The unveiling of a new, $32 billion capital spending plan by the New York region's largest transportation agency after a year of negotiating didn't tamp down criticism Thursday by New Jersey legislators who say the plan doesn't allocate enough for a desperately needed bus terminal in midtown Manhattan.
The much-anticipated capital plan replaces an earlier 10-year plan that was finalized in 2014 and didn't include money to replace the decaying, 6-decade-old Port Authority Bus Terminal that even Port Authority of New York and New Jersey officials have called "appalling" and "functionally obsolete."
That raised a hue and cry from lawmakers west of the Hudson River, a region that sends roughly 115,000 commuters into Manhattan each day by bus. That number is expected to grow to 165,000 by 2040, according to a recent study. Studies also have concluded the concrete slabs the buses traverse as they ascend ramps into the terminal will have to be replaced in the next 20 years to avoid failure.
The plan approved Thursday allocates $3.5 billion to a new bus terminal, a little less than half a projected price tag of $7 billion. Port Authority Chairman John Degnan conceded that will not get a new terminal built in 10 years, but he expressed hope that its completion would be envisioned in the next 10-year plan.
New Jersey Assemblyman John Wisniewski called the move "a step in the right direction, but it's not enough." Wisniewski found an ally in Port Authority commissioner Kenneth Lipper, a New York appointee to the bistate board who on Thursday renewed his call for money slated for new air trains to Newark Liberty and LaGuardia airports to be diverted to the bus terminal project. The rail projects would serve barely 10,000 people per day, Lipper said, at a combined cost of roughly $4 billion.

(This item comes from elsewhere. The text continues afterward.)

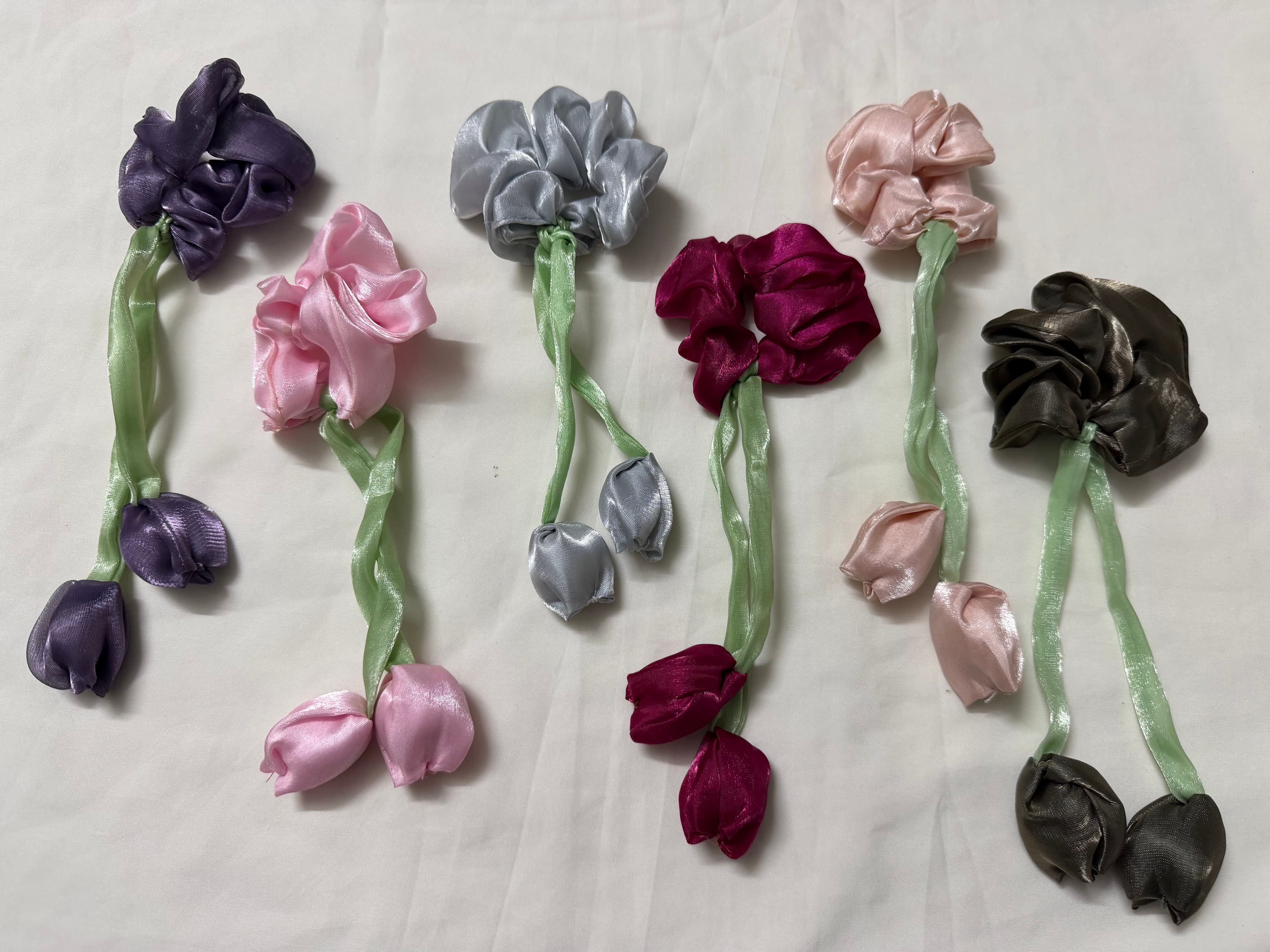 Tulip hair tie 🌷 - Thumbnail 2
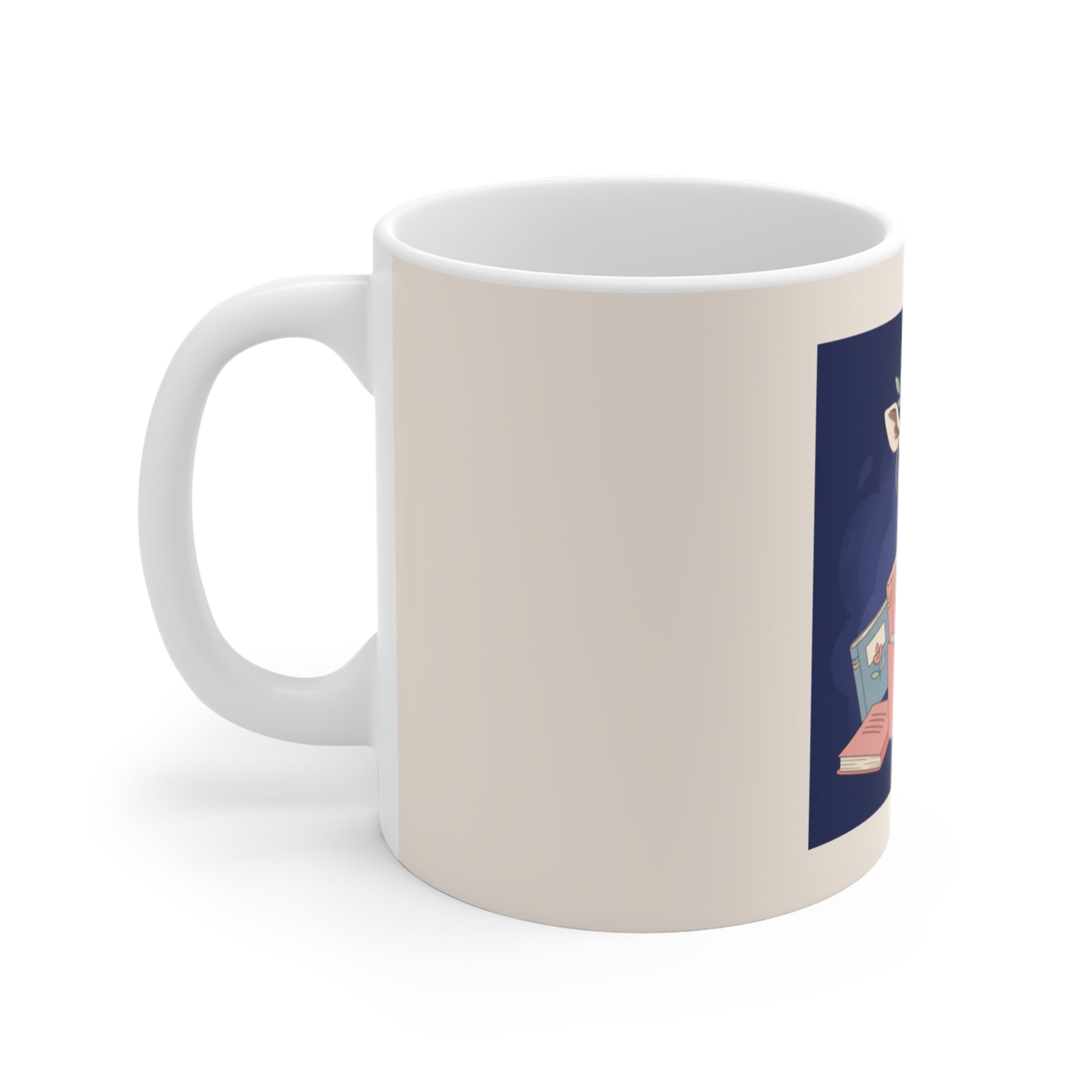 Giraffe Mug 11oz – Be Gentle With Yourself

In addition to the bus terminal and air train projects, the capital plan envisions $2.3 billion to redevelop Newark Liberty International Airport's Terminal A and about $1 billion toward a $10 billion redevelopment of Kennedy Airport announced by New York Gov. Andrew Cuomo this week. Executive Director Patrick Foye said the rest of the JFK project will be funded by private capital and state transportation money.
About $8.8 billion is earmarked for maintaining existing facilities in a state of good repair; $2 billion to complete post-Superstorm Sandy restoration projects and $7.6 billion to complete projects in progress such as the Bayonne Bridge elevation and the installation of Positive Train Control on the PATH rail system.
Roughly $2.7 billion is slated for debt service on the Gateway project to build a new rail tunnel under the Hudson River, currently in the midst of the environmental permitting process.
Separately, the Port Authority board on Thursday approved a lease for Delta Airlines at LaGuardia Airport through 2050, part of a deal in which Delta is paying for about $3.6 billion of a $4 billion redevelopment of the airport terminals. The Port Authority has committed about $600 million.